The pains of parking around DLSU have become part of collegiate legend, right up there with tales of Thomasians braving through España’s flood waters and UP students turning into ardent political activists. There’s even a popular joke that makes it way around social circles saying, “Sa parking lang naman magaling mga taga-La Salle.”
While it’s obviously not true that Lasallians espouse mediocrity in other, more academic endeavors, it certainly is correct to assume that bringing a vehicle to school is an extremely arduous task, one that could even be likened to an art form that requires meticulous practice to perfection. It’s a craft that is cultivated through a mix of calculated punctuality, spider-like instincts, Schumacher-esque maneuvering, and a lottery winner’s luck. And while practice will keep drivers battle-hardened to every situation of a Lasallian driver life, it is still important to be informed of the many, many parking areas of DLSU, albeit them being completely occupied by midday.
Fret not; while many parking establishments litter the expanse of Taft, the assurance of your vehicle being in safe hands in these establishments is guaranteed (almost).
Enrique Razon Building (3rd to 5th floor)
This is arguably the best place to park for a Lasallian. It has three spacious floors, with each capable of containing, more or less, 50 vehicles at max. The designated spots are wide enough to provide considerable room, even for pickup trucks and vans. Due to its indoors/ nature, it renders cars immune to sun-induced heating and possible dampness in case of rain. It also has the most bang for your buck; tickets (which last up until 10 pm in the evening, mind you) are purchasable in packets of ten for 500 pesos at the accounting offices. The only downside is it fills up really early. Slots are gone by 7:30 am from Monday to Thursday and they’ll only be free en masse again by the height of the afternoon from 3:00 to 4:00 pm.

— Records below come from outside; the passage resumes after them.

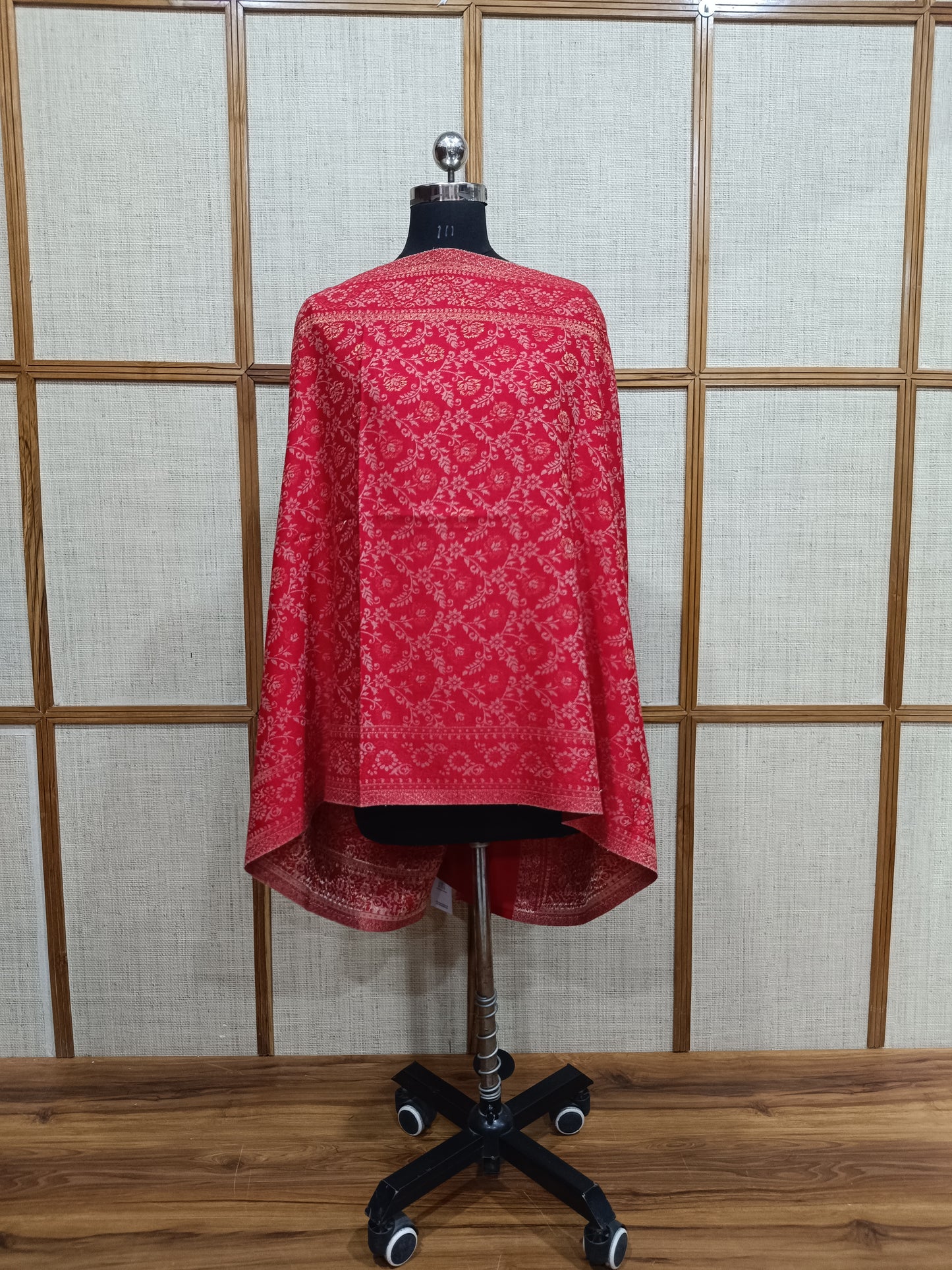 Pashloom red, gold wool stole for wedding and festive gifting, product image 2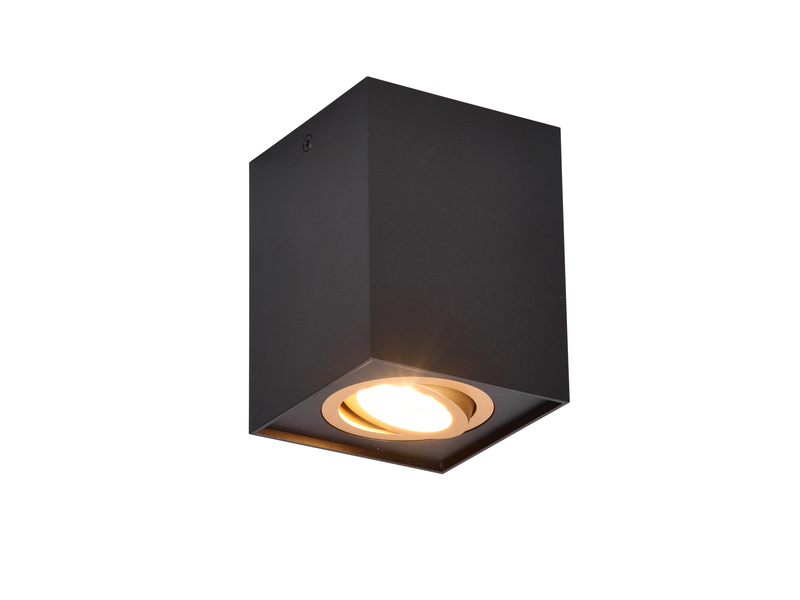 Deckenstrahler BISCUIT eckig Schwarz Gold, Breite 9,6cm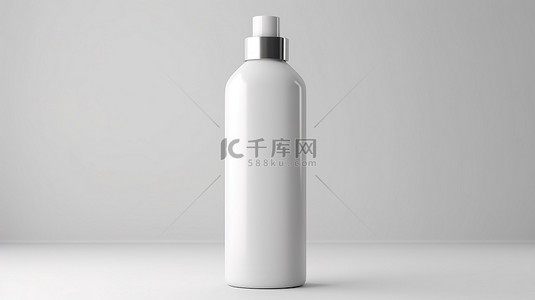纯白色背景上的时尚白色酒店化妆品瓶以 3D 专业渲染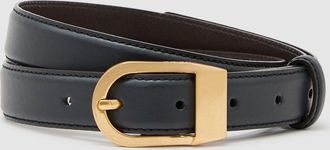 Reiss Navy Leather Curved-buckle Belt, XL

When it’s not a Thursday night, the (in)famous institution daylights as a parking spot for students. It’s pricier than Razon, asking you to pay additional fees of 10 pesos for every hour that you go past your initially intended time of departure. It does have a flat rate although it lasts only for the first five hours of your stay. The good thing, though, is that it fills up relatively later than the previous entry at around 9:30 in the morning. Sometimes, there are still some spots open by 10, but then you’ll have to entrust your keys to the people inside. The area itself is wide enough in spite of the rocky (and sometimes muddy) terrain. Beware, however, of parking under the tall trees by the wall–they will smother your vehicle in various un-pleasantries such as bird waste and squashed fruit-like objects.
Green Court Parking
This is the small little parking space in Fidel Reyes between Starbucks and 7-Eleven. Unlike the previous two that have been mentioned though, this one is bit tighter in terms of space. Cars are placed side by side in an almost claustrophobic manner, allowing only just a sliver of space for the driver to wiggle his or herself out of the door to get out. Because of this, scratches and bumps between vehicles are not uncommon. It charges nearly the same way as Beach except 50 pesos flat rate here lasts for six hours instead of five. A solid drawback, however, is that the person directing the flow of vehicles while parking is a tad obnoxious—he has no problems berating and sarcastically mocking students whenever they fail to heed his instructions correctly.
EGI Taft Tower
Those who prefer the privacy and safety of a roofed setting may want to turn to EGI’s pay parking in case Razon is already filled up. The good thing here is that it employs a flat rate of 50 pesos for the entire day (except for overnight parking), meaning you don’t have to worry about your budget allotment anymore once the initial payment is made. Parking spaces here use two rows per column which means that those that have their vehicles parked in the front part will have to leave their keys to the attendant in case the car at the back wants to leave.
The only good thing we can attest to this one is that its fee is cheap at 50 pesos (flat rate for the entire day). Upon entrance, the guard assigns you a specific parking slot and floor level to rest your vehicle. More often than not, the ones assigned are in the upper floors–5th to 7th. That means that you have to navigate the narrow and dark spirals of the building multiple times to get to your designated spot; this is even harder for those that use long sedans or SUVs. It gets even harder once you finally try to park your car at the given slot. The floors are only slightly roomier than the ramps so you still have to watch the side mirrors closely to avoid scratches. It’s a good place to learn how to drive cautiously, though, so there’s that.
The newest addition to the bunch. This place should be a last resort; only park here when you have nowhere else to go. The garage is safe, wide, and most importantly always available, but the fee is absurd: 30 pesos for the first two hours and an additional 30 more for every succeeding hour. Sorry, but no thanks, Mr. Sy.